→ Work request: In the records below, some lines hold the word "Table". Copy each of those lines.

→ Data records:
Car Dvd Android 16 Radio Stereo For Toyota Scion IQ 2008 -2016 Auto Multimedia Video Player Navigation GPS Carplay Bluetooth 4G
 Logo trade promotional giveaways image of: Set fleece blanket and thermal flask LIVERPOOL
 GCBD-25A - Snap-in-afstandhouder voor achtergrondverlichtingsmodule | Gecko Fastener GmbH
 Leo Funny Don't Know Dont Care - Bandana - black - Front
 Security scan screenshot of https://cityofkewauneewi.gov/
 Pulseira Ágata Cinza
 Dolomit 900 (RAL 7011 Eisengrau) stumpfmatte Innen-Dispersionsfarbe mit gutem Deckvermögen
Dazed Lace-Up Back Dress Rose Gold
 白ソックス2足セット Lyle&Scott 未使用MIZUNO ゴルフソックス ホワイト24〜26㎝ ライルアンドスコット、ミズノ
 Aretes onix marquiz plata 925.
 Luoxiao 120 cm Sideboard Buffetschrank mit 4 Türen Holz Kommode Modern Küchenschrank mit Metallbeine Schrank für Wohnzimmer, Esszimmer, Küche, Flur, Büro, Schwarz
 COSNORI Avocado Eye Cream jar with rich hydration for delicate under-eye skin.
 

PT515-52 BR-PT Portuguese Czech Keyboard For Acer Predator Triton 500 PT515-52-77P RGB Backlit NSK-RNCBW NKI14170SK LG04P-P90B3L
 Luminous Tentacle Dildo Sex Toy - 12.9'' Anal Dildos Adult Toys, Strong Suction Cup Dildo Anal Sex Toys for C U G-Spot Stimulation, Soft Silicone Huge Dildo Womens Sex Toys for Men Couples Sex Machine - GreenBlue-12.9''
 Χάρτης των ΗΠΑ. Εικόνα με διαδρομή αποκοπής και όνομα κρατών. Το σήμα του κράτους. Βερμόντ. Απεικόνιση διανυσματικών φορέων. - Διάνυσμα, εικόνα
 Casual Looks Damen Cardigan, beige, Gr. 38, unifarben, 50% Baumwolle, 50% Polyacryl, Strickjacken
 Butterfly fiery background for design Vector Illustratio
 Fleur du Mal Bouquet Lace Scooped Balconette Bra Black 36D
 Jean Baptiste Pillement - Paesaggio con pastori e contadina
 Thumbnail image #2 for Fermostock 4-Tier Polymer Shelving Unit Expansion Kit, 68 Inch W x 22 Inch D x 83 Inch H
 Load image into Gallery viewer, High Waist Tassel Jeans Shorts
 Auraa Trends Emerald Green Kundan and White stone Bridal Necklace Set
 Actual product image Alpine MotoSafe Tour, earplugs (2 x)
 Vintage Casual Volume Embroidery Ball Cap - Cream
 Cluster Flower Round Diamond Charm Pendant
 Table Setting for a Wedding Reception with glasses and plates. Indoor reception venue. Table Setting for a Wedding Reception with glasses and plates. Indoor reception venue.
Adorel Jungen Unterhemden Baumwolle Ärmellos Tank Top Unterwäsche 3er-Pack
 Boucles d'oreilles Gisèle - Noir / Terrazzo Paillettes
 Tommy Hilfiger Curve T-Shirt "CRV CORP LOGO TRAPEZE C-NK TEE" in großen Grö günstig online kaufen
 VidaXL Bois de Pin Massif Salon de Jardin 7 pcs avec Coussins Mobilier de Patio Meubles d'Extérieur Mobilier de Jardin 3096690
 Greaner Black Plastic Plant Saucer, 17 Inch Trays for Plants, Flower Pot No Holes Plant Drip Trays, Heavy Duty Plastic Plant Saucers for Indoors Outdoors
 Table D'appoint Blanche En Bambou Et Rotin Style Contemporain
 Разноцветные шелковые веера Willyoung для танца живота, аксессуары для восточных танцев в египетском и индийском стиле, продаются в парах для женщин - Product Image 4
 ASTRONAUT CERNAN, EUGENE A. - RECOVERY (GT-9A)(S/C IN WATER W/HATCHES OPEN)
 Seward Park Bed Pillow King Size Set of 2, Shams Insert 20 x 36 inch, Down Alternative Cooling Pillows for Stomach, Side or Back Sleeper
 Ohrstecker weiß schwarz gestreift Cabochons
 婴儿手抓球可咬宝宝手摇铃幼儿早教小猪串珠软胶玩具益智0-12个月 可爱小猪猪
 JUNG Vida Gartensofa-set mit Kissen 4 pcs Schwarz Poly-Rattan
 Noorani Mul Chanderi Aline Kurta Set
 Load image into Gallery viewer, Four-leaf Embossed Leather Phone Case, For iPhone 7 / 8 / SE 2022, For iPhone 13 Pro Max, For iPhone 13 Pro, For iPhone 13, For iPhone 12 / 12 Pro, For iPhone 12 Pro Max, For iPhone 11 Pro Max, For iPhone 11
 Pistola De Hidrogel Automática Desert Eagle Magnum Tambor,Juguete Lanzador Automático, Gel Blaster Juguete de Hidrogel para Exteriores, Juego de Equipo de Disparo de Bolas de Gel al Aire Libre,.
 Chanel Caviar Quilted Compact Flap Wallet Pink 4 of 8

→ Expected answer:
 Table Setting for a Wedding Reception with glasses and plates. Indoor reception venue. Table Setting for a Wedding Reception with glasses and plates. Indoor reception venue.
 Table D'appoint Blanche En Bambou Et Rotin Style Contemporain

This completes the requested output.